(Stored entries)

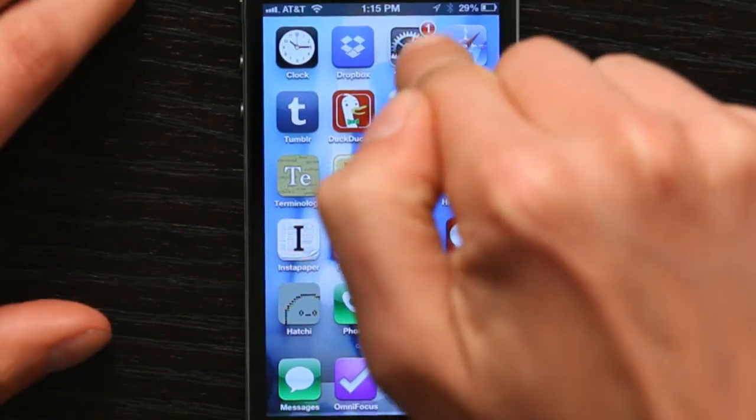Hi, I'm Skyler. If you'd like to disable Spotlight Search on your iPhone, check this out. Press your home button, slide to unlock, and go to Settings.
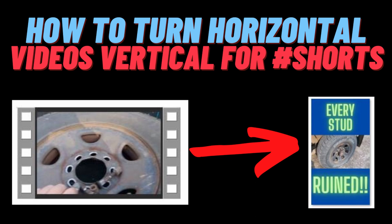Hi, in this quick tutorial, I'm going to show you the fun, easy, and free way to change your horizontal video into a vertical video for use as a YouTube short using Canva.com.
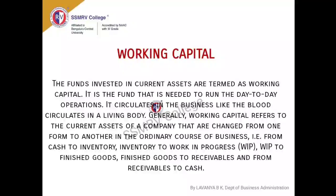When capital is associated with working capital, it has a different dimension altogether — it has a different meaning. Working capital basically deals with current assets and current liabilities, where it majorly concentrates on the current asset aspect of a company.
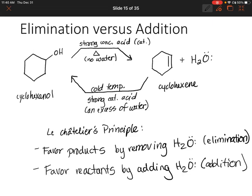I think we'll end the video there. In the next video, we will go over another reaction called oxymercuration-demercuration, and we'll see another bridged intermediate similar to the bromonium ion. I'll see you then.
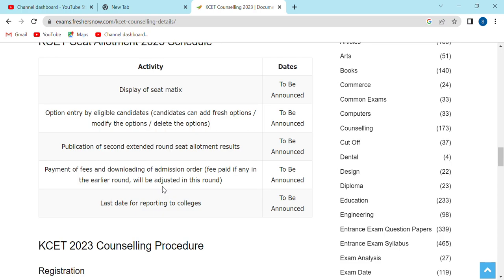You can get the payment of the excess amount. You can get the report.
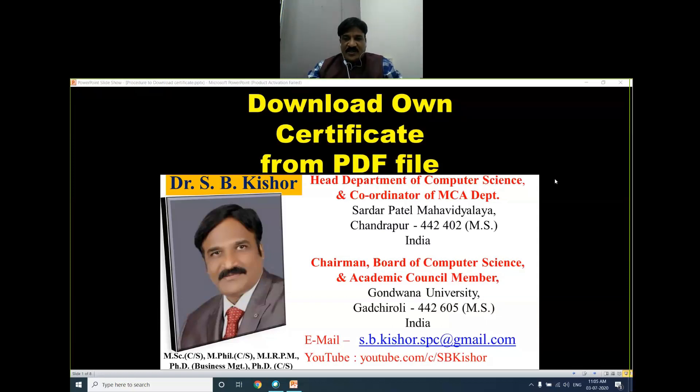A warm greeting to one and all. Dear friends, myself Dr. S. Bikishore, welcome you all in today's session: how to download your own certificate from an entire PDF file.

## Goal of the exercise
Give back, exactly and without pictures, the stretch of the records above from the line containing "Hi, in this" through the line containing "I think we'll", with both end lines included.

## Answer box
Hi, in this quick tutorial, I'm going to show you the fun, easy, and free way to change your horizontal video into a vertical video for use as a YouTube short using Canva.com.
When capital is associated with working capital, it has a different dimension altogether — it has a different meaning. Working capital basically deals with current assets and current liabilities, where it majorly concentrates on the current asset aspect of a company.
I think we'll end the video there. In the next video, we will go over another reaction called oxymercuration-demercuration, and we'll see another bridged intermediate similar to the bromonium ion. I'll see you then.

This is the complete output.